Yeti- Maybe I am misinterpreting what you are asking for, but it seems that the surveys will likely be used to address your specific concerns. Regardless of the the other stakeholders and players affecting water in the drainage, AW is the advocate for recreational boating. Thanks Evan, for the survey opportunity!


----------



## yetigonecrazy (May 23, 2005)

"...to protect and *enhance* flows..."

Enhancing something means to make it better. Making flows "better" means more flow, or longer flow, or, more and longer flow. So for any time that there isn't excess water (like I mentioned above), I guess in a simple way is, what user is going to get the short end of the straw to accommodate a recreational release, or an increase in downstream flows to allow for boating? In a lot of years in these drainages there just isnt much to go around period, and almost every drop of it gets used one way or another. If you add another user to that _(x)_ amount of water, you've got to wrestle that water away from another user. Not every year, but many years. Who's going to play nice and give the river runners some water? Irrigators? The coal minesr/power plants? Again, not trying to rile anything, just trying to better understand what would need to happen for AW to find a way through with this. And no offense to anyone, but not slogans about "enhancing viability through cooperation and dedication to maximization of water assets", let's talk hard facts here. You've got _(x)_ amount of water divided between __ number of users, who each have different levels of seniority and weight. So now you change the equation by adding another user, those little numbers that everyone gets from your new _(x)_....is everyone's now going to be different? Or is someone else's share of that new _(x)_ going to decrease as the new rec user's share increases? Who's going to give up their water to support recreational releases or an increase/continuation of flow for rec?


----------



## AW-Evan (May 27, 2014)

Thanks for the line of questioning and the interest in what we are doing with these flow studies guys. We attempt to collect this data for a number of reasons but the "protect and enhance flows," does pretty much sum up our goals. Yeti, I think you are getting stuck on the _enhance_, which though not impossible is probably agreed a long shot in this case. We are not however always trying to do both, _enhance_ and _protect_. 
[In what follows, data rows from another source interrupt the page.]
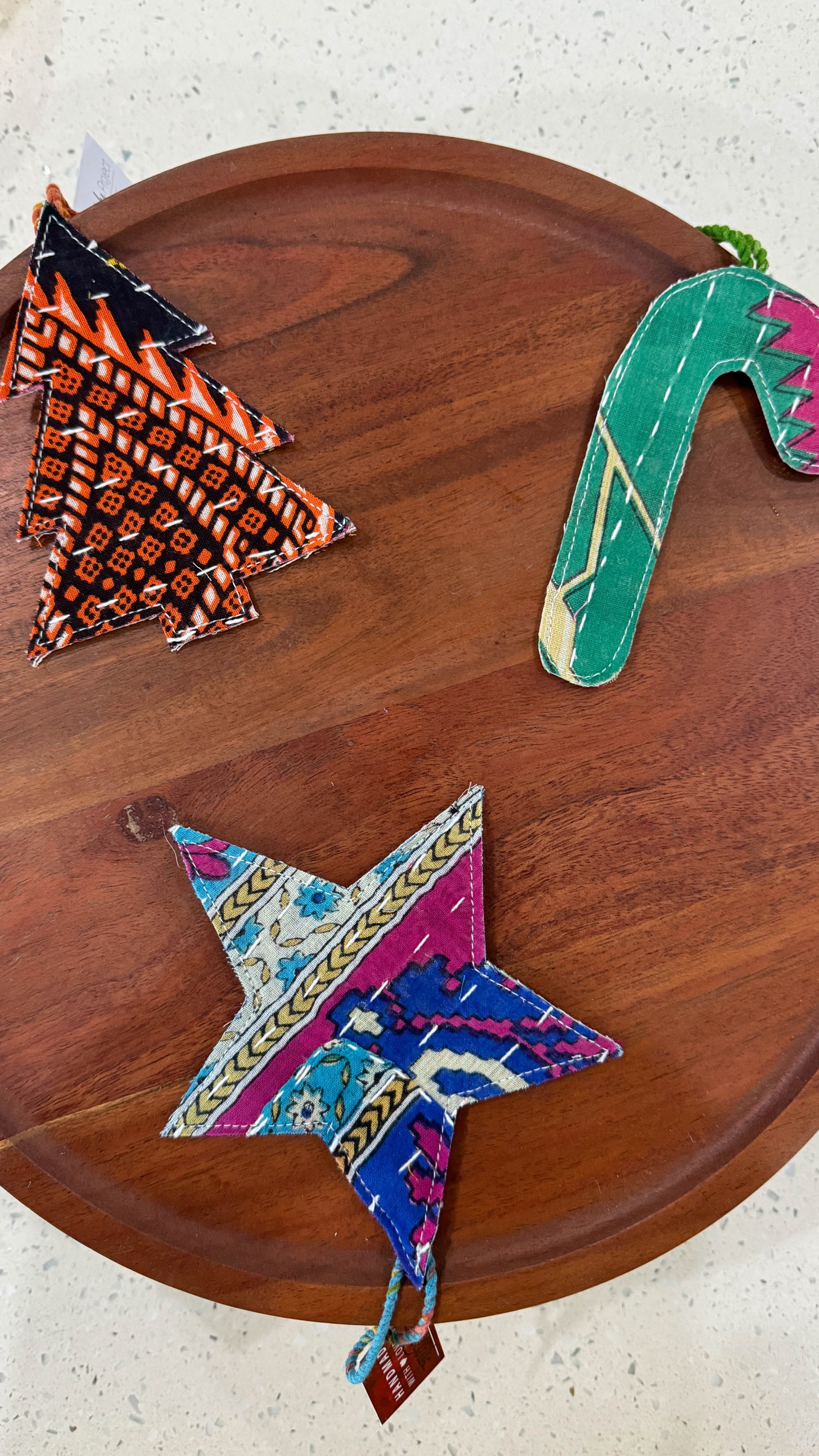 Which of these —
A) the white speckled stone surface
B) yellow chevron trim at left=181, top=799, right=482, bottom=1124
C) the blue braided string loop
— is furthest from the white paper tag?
the blue braided string loop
For many of these stretches the main goal is to identify and document current flow regimes as they match up with days where there is enough flow to paddle at various levels, minimum, optimum and high. This gives us a baseline for negotiating to _protect_ the current amount of "boatable days," when new water projects looking to draw more water for irrigation or mining or municipalities pop up. New projects generally have to mitigate for recreational impacts but if we don't have the data and fight for them, they can sometimes bypass those mitigation's by doing their own study and saying there are no impacts. They can't do that if we can clearly show the impacts. Using these flow studies, in certain cases, we can also apply for an RICD (Recreational in-channel diversion i.e. recreation water right) and permanently secure a certain amount of water, which of course would be junior to previous water rights but senior to any new projects that pop-up. These are becoming critical on the Upper Colorado River Basin. 

The _enhance_ side in these situations might look like negotiating for 8 hour day releases on Cottonwood Creek instead of 24 hours when their FERC re-licensing comes up, so there are more days with boatable flows when they do have at least some water to release. In this way we can sometimes _enhance_ flows without needing more water, just by concentrating the releases over shorter periods, or even just by creating a system where the water controllers are notifying the paddling community when releases will be happening. So I think even in the San Rafael there are opportunities to potentially _enhance_ flows. We obviously have to prioritize this stuff and put our limited resources into our best chances at success but it never hurts to have the data in hand as we progress through our projects. 

Cheers!


----------



## deepsouthpaddler (Apr 14, 2004)

User flow surveys demonstrate public recreational use... which is a key piece of data when negotiating. Actual survey users vs. theoretical users hold weight in negotiations.

Also, just because we may not be able to enhance flows today doesn't mean that this data won't be helpful when these dams eventually come down (and they all will eventually... its just a matter of time). 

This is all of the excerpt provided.